Revenue management is the revenue optimization system for an entire company, gathering all the markets: This is a concept of coordination among different markets (eg: Airlines and connecting flights). Yield management aims at maximizing revenue for a given market (Paris-New York on the 7th of August with American Airlines), based on overbooking (to compensate no shows), booking class nesting (to spread demand over off-peak periods) techniques. According to these definitions, Revenue Management is managing the network or the “relationships” between markets.
We can say that a company I carrying out a price discrimination strategy when it charges different prices for a same good (or service) based on customer demand and perceived value. Two levels can be distinguished in a price discrimination strategy: (1) uniform pricing, meaning that if prices may vary depending on customer segments, locations, etc, they do not vary through time (2) dynamic pricing, where prices vary through time, due to different variables, conditions and situations.

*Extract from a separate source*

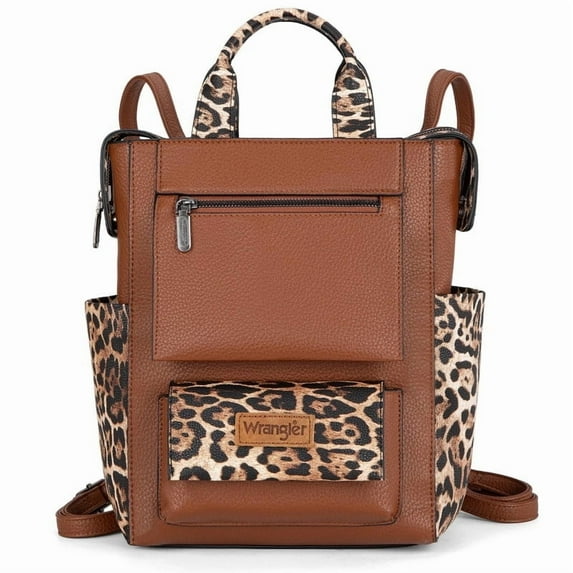 Wrangler Women Backpack Purse Convertible Backpack Vegan Leather Ladies Anti Theft Backpack with Adjustable Strap, Leopard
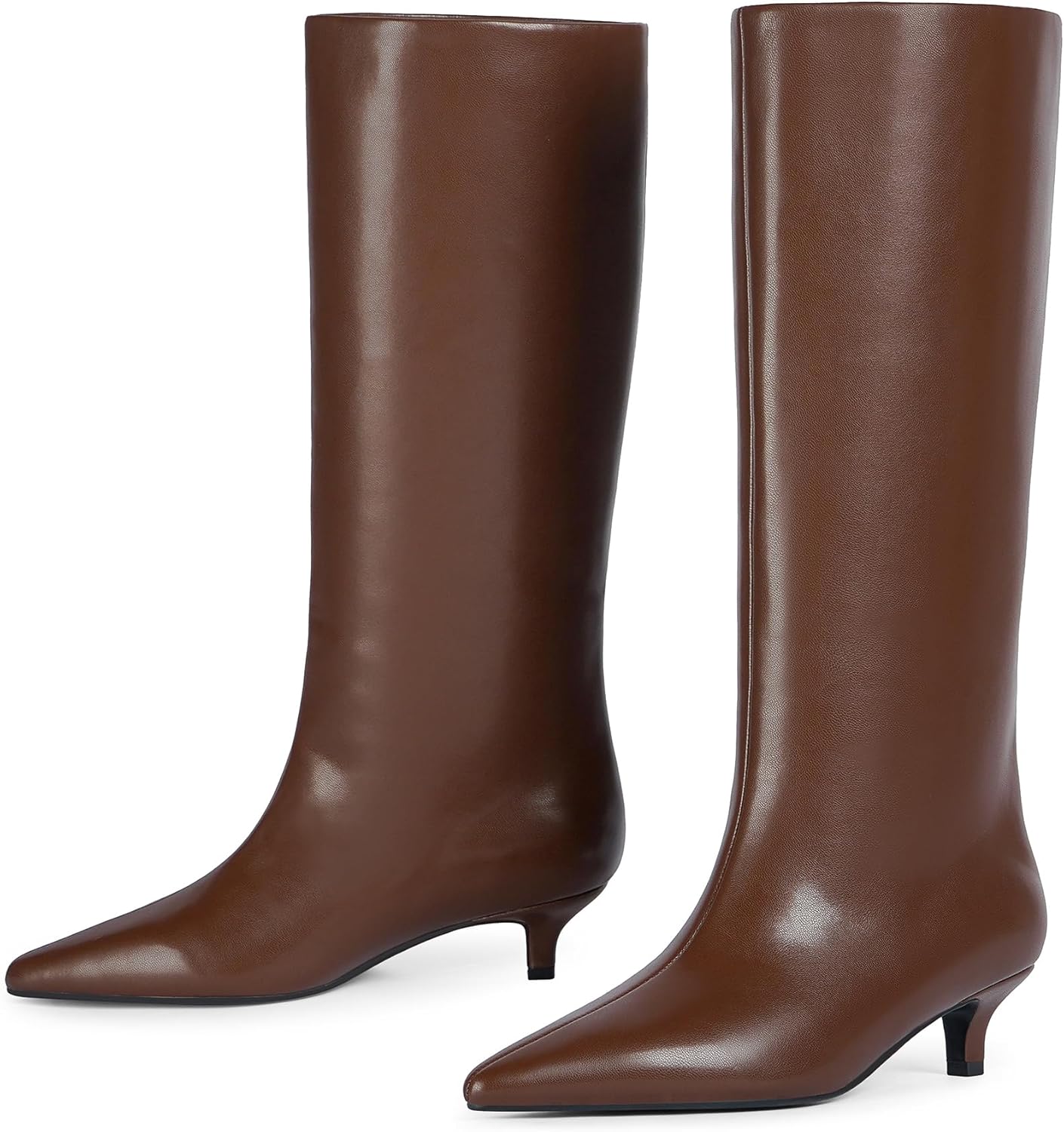 Knee High Boots Women Slip on Low Kitten Heel Tall Boots Pointed Toe Long Fall Boots for Women - Image 9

Arguably, the boundary between uniform and dynamic pricing is bleary, but these two concepts are useful to evaluate the sophistication of a pricing system. Price discrimination is one aspect of a RM system, which generally requires several constraints and prerequisites. One may rely of one or more of the above mentioned tools to implement and run a price discrimination strategy: For the time being, in our blog, we have explained and illustrated the peak load pricing, and will develop all the other concepts along the way.